Negotiations over the sweeping public works bill – which passed the House of Representatives with 228-206 vote – created a bitter split among Democrats.

Meanwhile the House is moving forward with a more ambitious social spending bill favoured by liberal lawmakers.

The infrastructure package now heads to Mr Biden’s desk to be signed into law.

Billed as a “once-in-a-generation” spending measure, the infrastructure legislation proposes $550bn in direct federal expenditure to upgrade highways, roads and bridges, as well as to modernise city transit systems and passenger rail networks.

The agreement also sets aside funding for clean energy, clean drinking water and high speed internet.

Three months ago, 19 Republicans joined with Democrats to approve the legislation in the evenly split Senate, a rare bipartisan feat in an increasingly divided Congress.

But more liberal lawmakers in the House balked at the final version of the bill, complaining that key liberal policies had been dropped in exchange for the bipartisan win.

Members of the Congressional Progressive Caucus pledged they would not support the infrastructure bill until they had voted on a separate social welfare bill that allocates money for healthcare, education and climate change initiatives.

Democrats control both chambers of Congress by very slim majorities, so near-universal support is required for passage of both bills.
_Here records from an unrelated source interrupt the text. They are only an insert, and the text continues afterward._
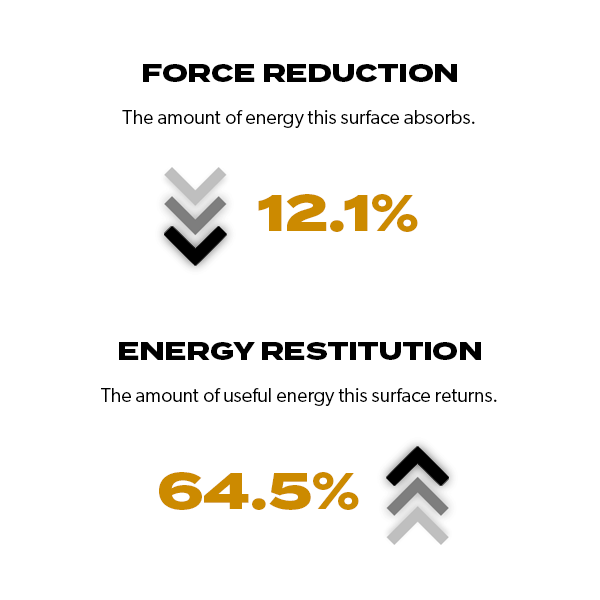 Ecore Restorative Motivate (Class 1) Flooring Force Reduction and Energy Restitution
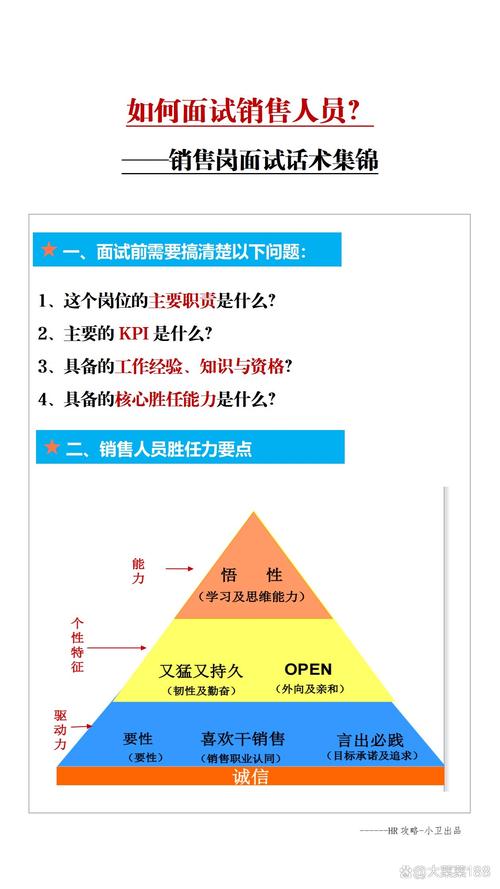 销售岗面试技巧，销售岗面试技巧和方法-图2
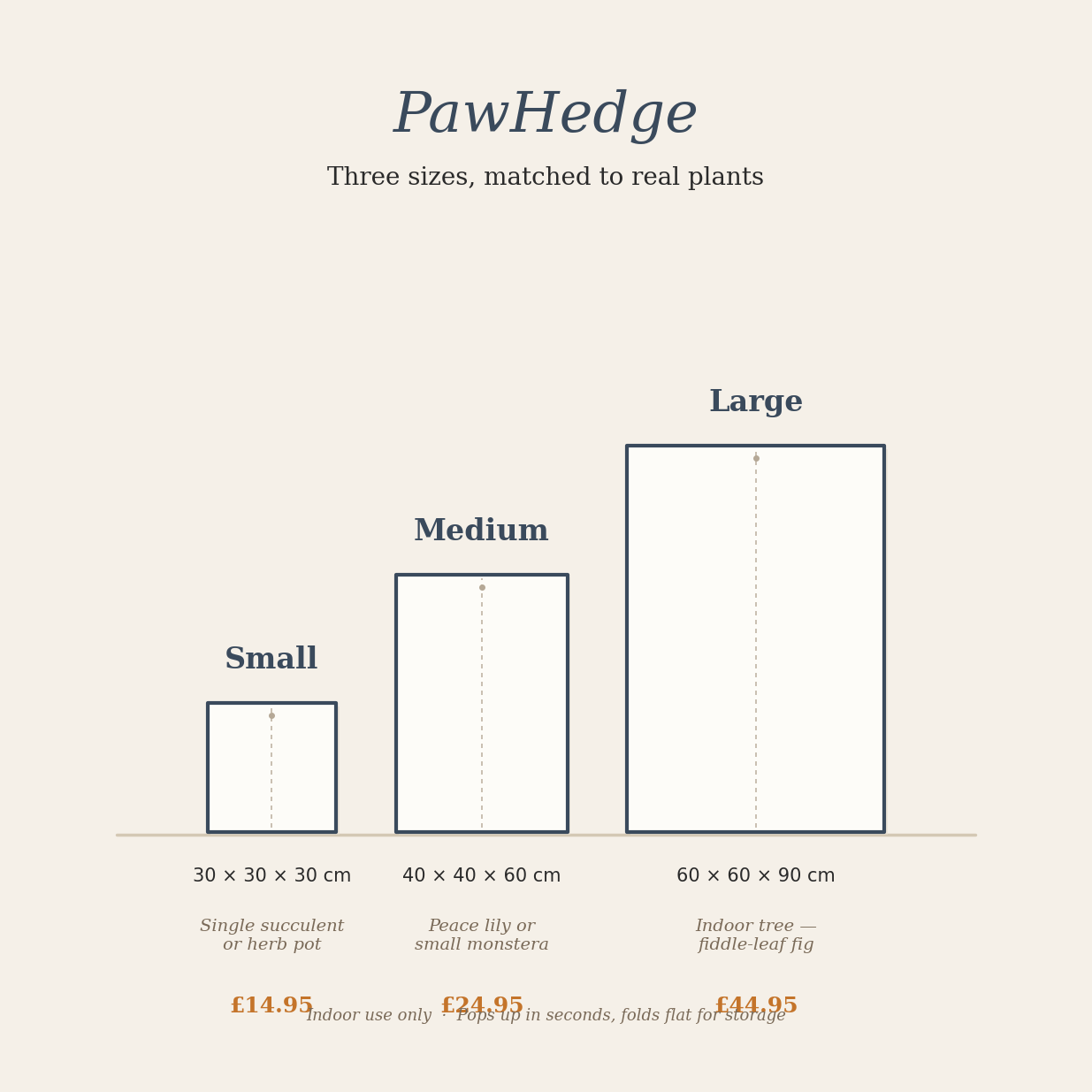 PawHedge size chart showing small 30 × 30 × 30 cm, medium 40 × 40 × 60 cm and large 60 × 60 × 90 cm.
The social spending bill is slated to pass through a procedural measure known as budget reconciliation, meaning it requires only a simple majority in each chamber to pass.

But centrist Democrats continue to object to the size and scope of the sprawling bill. They are insisting on seeing full accounting of its economic impacts, a process which could take weeks.

On Friday House leaders brokered a compromise, insisting on a vote on the infrastructure bill accompanied by a procedural vote to start debate on the social spending bill.